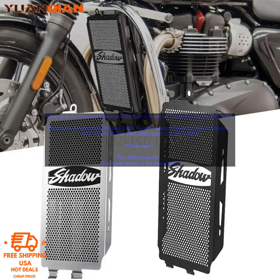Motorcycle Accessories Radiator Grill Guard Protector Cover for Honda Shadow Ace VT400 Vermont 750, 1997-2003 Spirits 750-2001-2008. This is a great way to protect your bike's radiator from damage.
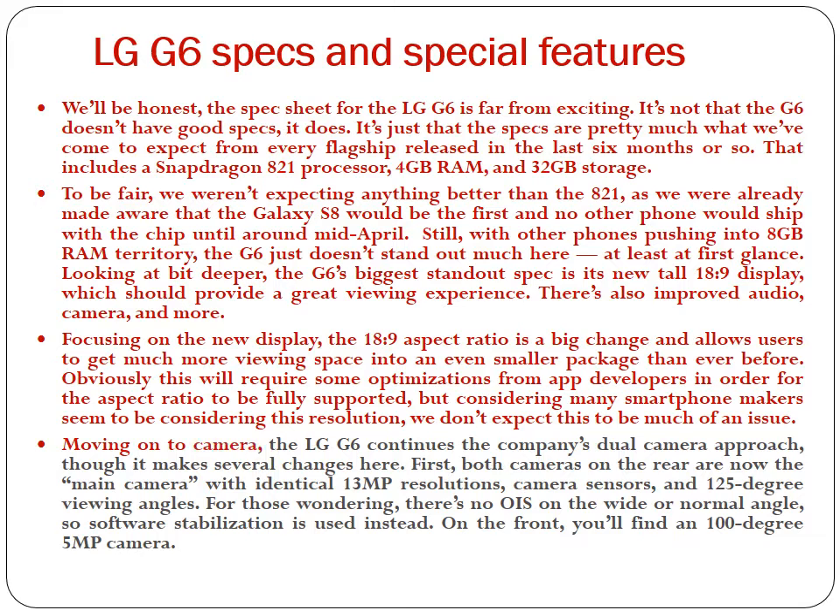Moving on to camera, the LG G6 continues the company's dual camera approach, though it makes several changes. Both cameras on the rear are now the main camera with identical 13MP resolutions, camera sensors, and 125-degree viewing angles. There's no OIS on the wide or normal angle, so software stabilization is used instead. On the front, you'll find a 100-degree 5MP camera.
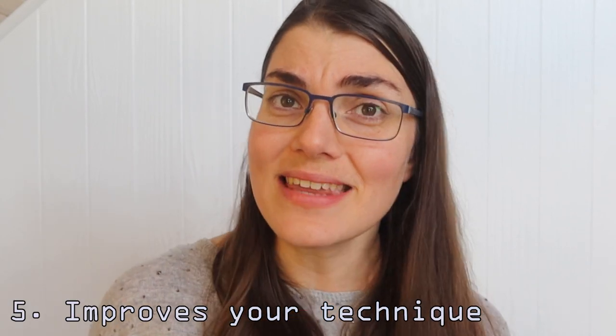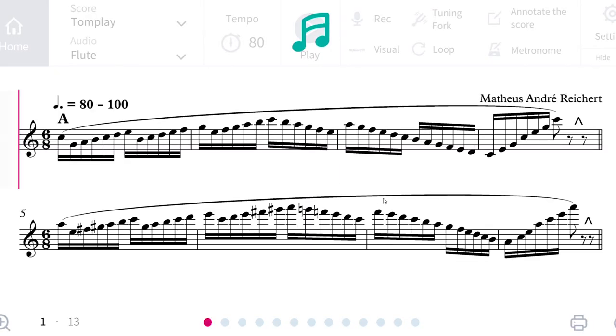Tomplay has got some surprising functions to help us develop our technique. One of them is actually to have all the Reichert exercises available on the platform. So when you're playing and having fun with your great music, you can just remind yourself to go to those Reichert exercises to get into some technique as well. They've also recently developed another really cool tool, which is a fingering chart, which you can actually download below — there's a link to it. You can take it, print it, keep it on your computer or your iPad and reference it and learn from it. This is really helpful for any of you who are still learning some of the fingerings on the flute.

- Task objective -
The expected output is an exact retyping of the lines from the line with "Moving on to" through the last line of the data, with both ends kept and the pictures dropped.

- Result of the task -
Moving on to camera, the LG G6 continues the company's dual camera approach, though it makes several changes. Both cameras on the rear are now the main camera with identical 13MP resolutions, camera sensors, and 125-degree viewing angles. There's no OIS on the wide or normal angle, so software stabilization is used instead. On the front, you'll find a 100-degree 5MP camera.
Tomplay has got some surprising functions to help us develop our technique. One of them is actually to have all the Reichert exercises available on the platform. So when you're playing and having fun with your great music, you can just remind yourself to go to those Reichert exercises to get into some technique as well. They've also recently developed another really cool tool, which is a fingering chart, which you can actually download below — there's a link to it. You can take it, print it, keep it on your computer or your iPad and reference it and learn from it. This is really helpful for any of you who are still learning some of the fingerings on the flute.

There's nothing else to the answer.